6. The method of claim 1 further comprising:
diverting a portion of said gas portion from said compressor;
wherein a remaining portion of said gas portion is passed through said compressor.
7. The method of claim 1 further comprising:
diverting a portion of said gas portion that has been passed through said compressor;
wherein a remaining portion of said gas portion is recombined with said remainder of said multiphase flow.
9. The method of claim 8 wherein diversion of said gas portion from said multiphase flow includes applying centrifugal force to said multiphase flow to separate said gas portion from said multiphase flow.
10. The method of claim 8 further comprising:
removing liquid droplets from said gas portion that was diverted from said multiphase flow; and
returning said liquid droplets to said remainder of said multiphase flow prior to passing said remainder of said multiphase flow through said pump.
11. The method of claim 8 further comprising:
monitoring the liquid level in said flow divider; and
adjusting the pump speed to substantially maintain a desired liquid level range in said flow divider.
13. The system of claim 12 further comprising a gas scrubber interposed between said flow divider and said compressor, said gas scrubber adapted to remove liquid droplets from said gas portion and to return said liquid droplets to said remainder of said multiphase flow.
14. The system of claim 12 further comprising a liquid level measurement device adapted to monitor the liquid level in said flow divider.
15. The system of claim 14 wherein said liquid level measurement device is a differential pressure indicator.
16. The system of claim 14 further comprising a programmable logic controller in electrical communication with said liquid level measurement device and said pump, said programmable logic controller adapted to adjust the pump speed based on the liquid level in said flow divider.
17. The system of claim 12 wherein the velocity of said multiphase flow entering at least one side opening of said flow divider creates centrifugal forces that initially force a liquid portion of said remainder against the sides of said flow divider while said gas portion remains substantially in the center of said flow divider.
18. The system of claim 12 further comprising an expansion vessel in fluid communication with said flow divider such that said expansion vessel receives an excess portion of said remainder when said remainder reaches a predetermined level in said vessel of said flow divider.
19. The system of claim 12 further comprising a liquid trapping vessel interposed between said pump and said recombining device, said liquid trapping vessel adapted to send a portion of said remainder back to said pump to maintain a sufficient seal.
20. The system of claim 12 wherein said recombining device is a recombination manifold comprised of a wye section and an eduction tube.

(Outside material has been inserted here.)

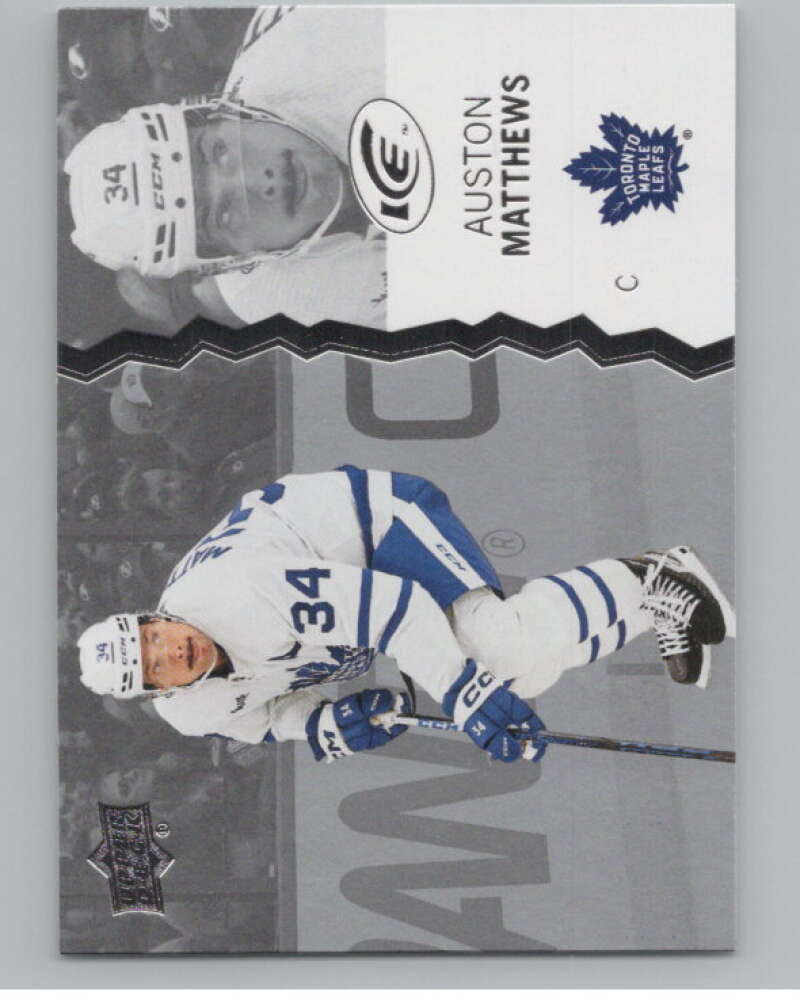 2023-24 Upper Deck Ice #28 Auston Matthews  Toronto Maple Leafs  V100595 Image 1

This application is a continuation of U.S. application Ser. No. 09/186,007 filed Nov. 4, 1998 now U.S. Pat. No. 6,164,308, which claims the benefit of U.S. Provisional Application No. 60/098,238, filed Aug. 28, 1998. Both of these prior applications are incorporated herein by reference.

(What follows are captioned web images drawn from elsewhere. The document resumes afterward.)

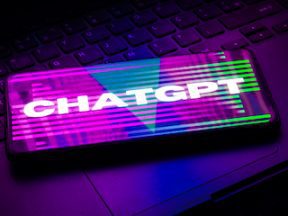 ChatGPT logo is displayed on a smartphone screen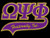 Omega Psi Phi Fraternity inch Small inch  Letters Swoosh Logo Emblem Patch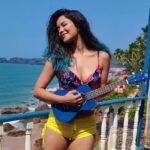 Madhuurima Instagram - That’s my way to bask 😍😍😍. #angelina #nyrabanerjee #celebrity #explore #ukelele #power #fun #bikinibabe #beachbum #beachlife #beachvibes #blessed #alwaysandforever #love #loveyouzindagi #beauty #instadaily #instadaily #instalike #instagram #instamood #instaphoto #instacool #helllojee @altbalaji @thecapegoa The Cape Goa
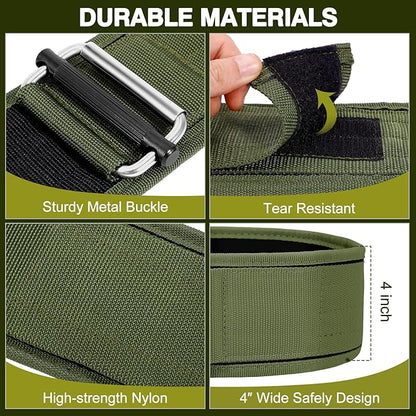 Weight Lifting Belt and Lifting Straps: Weightlifting Gym Belt for Men Women Deadlift Squats Belt for Bodybuilding Workout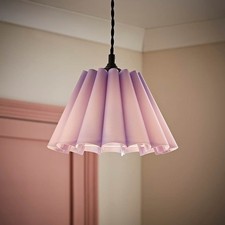 Pleated Fabric Lampshade Petal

The present invention relates generally to a method and system for transferring a multiphase flow in a single pipe and, more particularly, to a method and system for parallel pressure boosting of the gas and liquid phases of a multiphase flow. A multiphase flow may include a gas phase, a liquid phase, and a solid phase. For example, pumping for oil may induce a multiphase flow which is comprised of oil, water, and natural gas. In fact, pumping for oil may induce a multiphase flow which is comprised of at least 95 percent natural gas and less than 5 percent oil.

It is important to industry to transfer a multiphase flow to a predetermined location through a single pipe in order to reduce costs. However, the gas phase and the liquid phase of a multiphase flow react differently to the application of pressure. As a result, several different systems have been developed for the transportation of multiphase flows.

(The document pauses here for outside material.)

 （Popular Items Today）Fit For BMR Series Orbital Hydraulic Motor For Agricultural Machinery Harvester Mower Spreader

One system divides the gas from the liquid and then separately raises the pressures of the gas and the liquid. The gas and the liquid are then transferred in different pipes. However, this system may require relatively high production costs.

French patent numbers 2,424,472 and 2,424,473 teach systems for transferring a two-phase fluid in a single pipe. The systems taught by these patents dissolve or emulsify the free gas in the liquid in order to obtain a more uniform fluid so that the fluid may be processed by the pumping means. However, these systems may require relatively high costs since the incoming flow mixture range may have to be limited, and additional controls are necessary.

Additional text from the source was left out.